Farmers Paul Bickford and John Wepking explain their organic systems, which protect not only local watersheds, but also Gulf Coast fisheries at the other end of the country. They will also talk about designing a crop rotation, large-scale small grain production, processing, marketing your whole rotation, on-farm storage, growing organic seed corn, and mentorship models and farm transfer.
Click here to register for this free field day.
Enjoy a free lunch provided by the Iowa County farmer-led watershed initiative! We’ll be eating shrimp caught by fishermen and women in the Gulf of Mexico –
new friends whose livelihoods depend on Midwestern farmers keeping our
waterways clean. Shrimp not your thing? We’ll have brats, too.

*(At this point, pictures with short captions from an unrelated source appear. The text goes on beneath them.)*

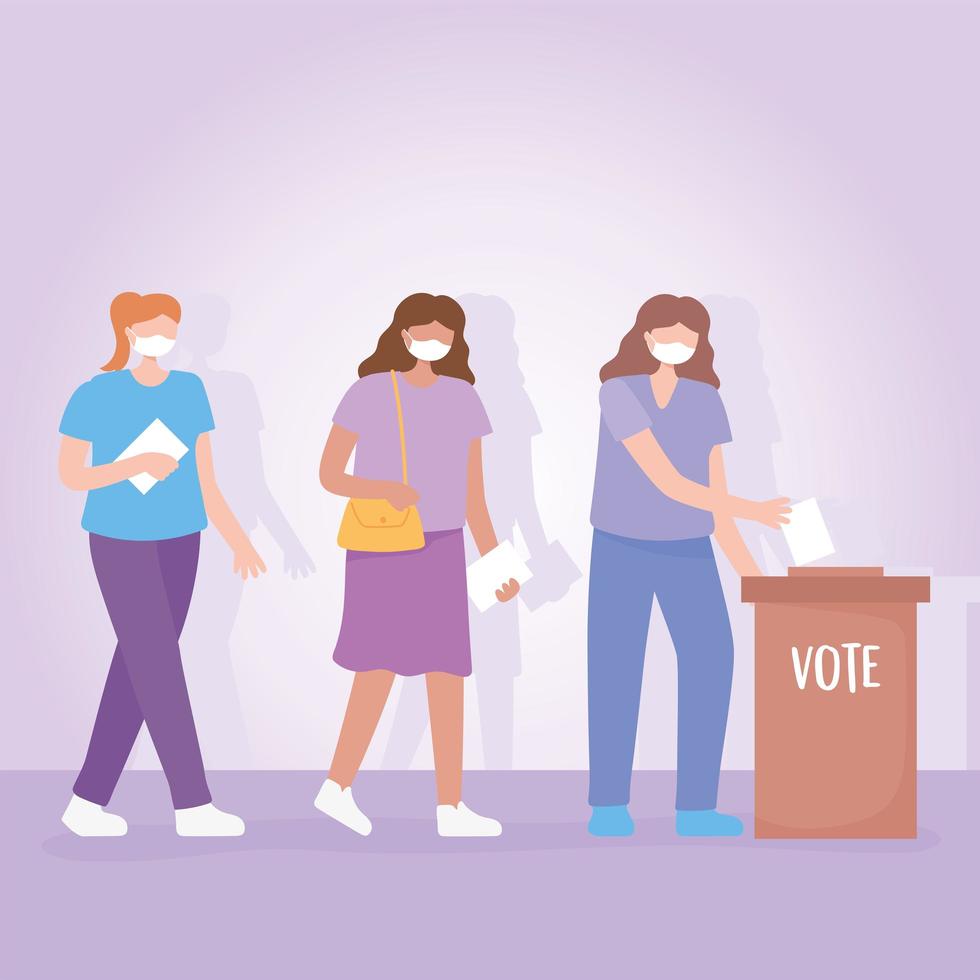 Women with masks standing in line to vote vector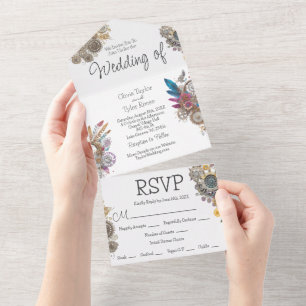 Casamento com Steampunk, Flores e Penas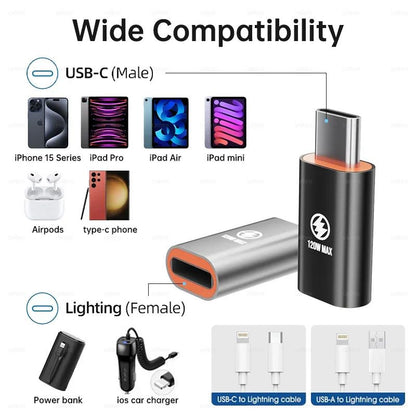 120W Apple Lightning to USB-C Adapter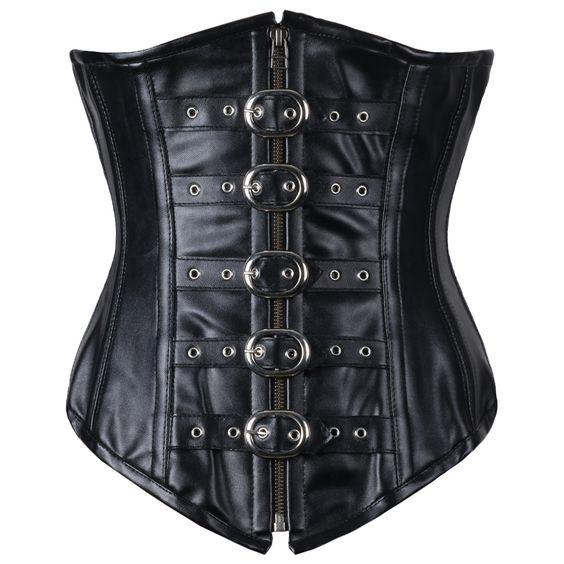 Spurs Faux Leather Longline Underbust Corset - Shearling leather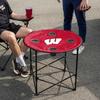 Logo Brands NCAA Wisconsin Badgers Round Tailgating Table  Portable with Foldable Legs, 4 Cup Holders, Powder-Coated Steel, and 27.6" Surface Diameter, Team Color view 2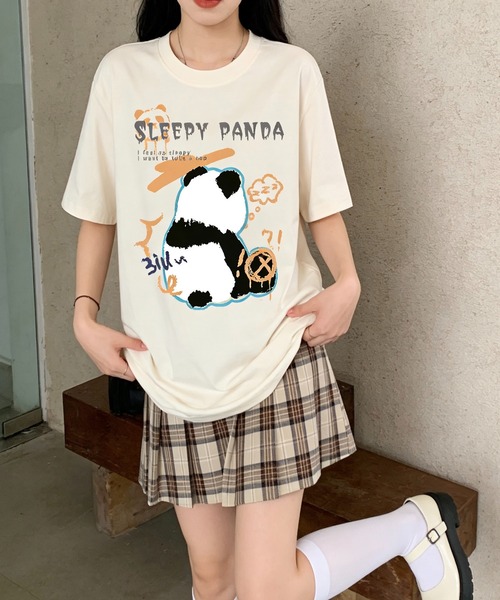 SHOUYO(ショウヨウ)の「ゆるっと着られるパンダモチーフTシャツ(Tシャツ/カットソー・レディース・ベージュ/ピンク/ブラック・M)」の9枚目の写真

• Large-scale, food-grade small grain production, processing, and marketing
• On-farm grain storage
• Farming for water quality
• Planning a diverse crop rotation
• Growing organic seed corn
• Small grain variety recommendations
Paul Bickford, Bickford Organics
Paul Bickford was one of the first farmers in Wisconsin to convert to rotational grazing in 1992 after years of conventional dairying. As a second-generation farmer, this kind of innovation came easy to Paul. So after decades as a dairyman, he was ready for another challenge. In 2011, Bickford sold his herd and decided to transition all of his 900 acres to organic grain production. Three years ago his new venture got a healthy shot of enthusiasm and skill with the addition of John Wepking and his wife Halee, both trained chefs and hopeful farmers. By incorporating milling-quality small grains into their forage, feed, and seed rotations, Bickford and Wepking have been able to access new markets and add diversity, ecologically and financially, to their operation.
John Wepking, Meadowlark Farm
John Wepking has been farming with Bickford Organics, a 900-acre organic farm in Ridgeway, Wis., since 2015. He and his wife grow malting barley, hard red winter and spring wheats, open-pollinated flint corn and spelt, along with traditional feed crops, and raise organic grass-fed beef.